Some dealers in nagpur have quoted me 1)9.8k for zotac 750ti 2 GB oc edition 
2)8.6k for sapphire R7 260x 2 GB oc edition 
Which is the best bang for my buck for next 3 years of 1080p gaming ? Also Pls tell me which is or might be most stable ? (don't want to start an amd vs nvidia war here) 

Btw I can even wait till august if something better arrives for my budget. 

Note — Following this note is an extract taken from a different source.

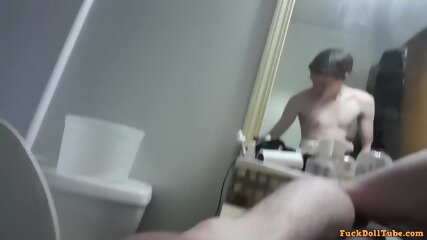 Young guy fucks sex toy and cums on it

1)Which Power Supply do you have? (Be EXACT while naming the company and model)
Ans: Antec vp550p

2. What is your budget?
Ans: 10k max 

3. Which resolution will you game at?
Ans: 1080p

4. What are your current computer specifications?
Ans: i5 4440 (I was a noob....... Should have bought an Fx 6300 and saved some more money for better gfx) 
Gigabyte b85m-d3h
Corsair vengeance 4 GB
Deepcool tesseract sw
Dell s2240l 22 inch
Antec vp550p
Logitech mk220


----------



## SaiyanGoku (Mar 13, 2015)

Forget them both for 1080p gaming. You'll have to spend around 16-17k for GTX 960 if you want to play games at FHD resolution for next 3 years.


----------



## Akshay Biyani (Mar 13, 2015)

SaiyanGoku said:


> Forget them both for 1080p gaming. You'll have to spend around 16-17k for GTX 960 if you want to play games at FHD resolution for next 3 years.

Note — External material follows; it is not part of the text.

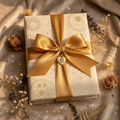 Wrapped mystery book with gold ribbon - Epic Fantasy Romance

Even at low settings 1080p ?  Seriously now consoles seems better option


----------



## SaiyanGoku (Mar 13, 2015)

Akshay Biyani said:


> Even at low settings 1080p ?  Seriously now consoles seems better option



What's the point of playing games at low settings on a new PC? 

Anyway, 750 Ti is at the end of its life cycle and will be replaced by 950/950 Ti in coming months.


----------



## kamikaz (Mar 13, 2015)

Best Budget Graphics Cards - Entry-Level GPUs
This link gives more or less what you want, as per them both the cards offer similar performance and will allow you to play 1080p at medium settings (not all games)

But if you are looking to future proof your system, you'll have to increase your budget I guess

It's also worth while to say what games you are planning to play, if it's something like dota 2 I think those cards are more than enough


----------



## bssunilreddy (Mar 14, 2015)

Just see the difference in performance between similar cards like R7 265 vs. 750ti and decide for yourself.


*i.imgur.com/XxvZ8tf.png

*i.imgur.com/gPdJXxc.png

Source: HardOCP.


----------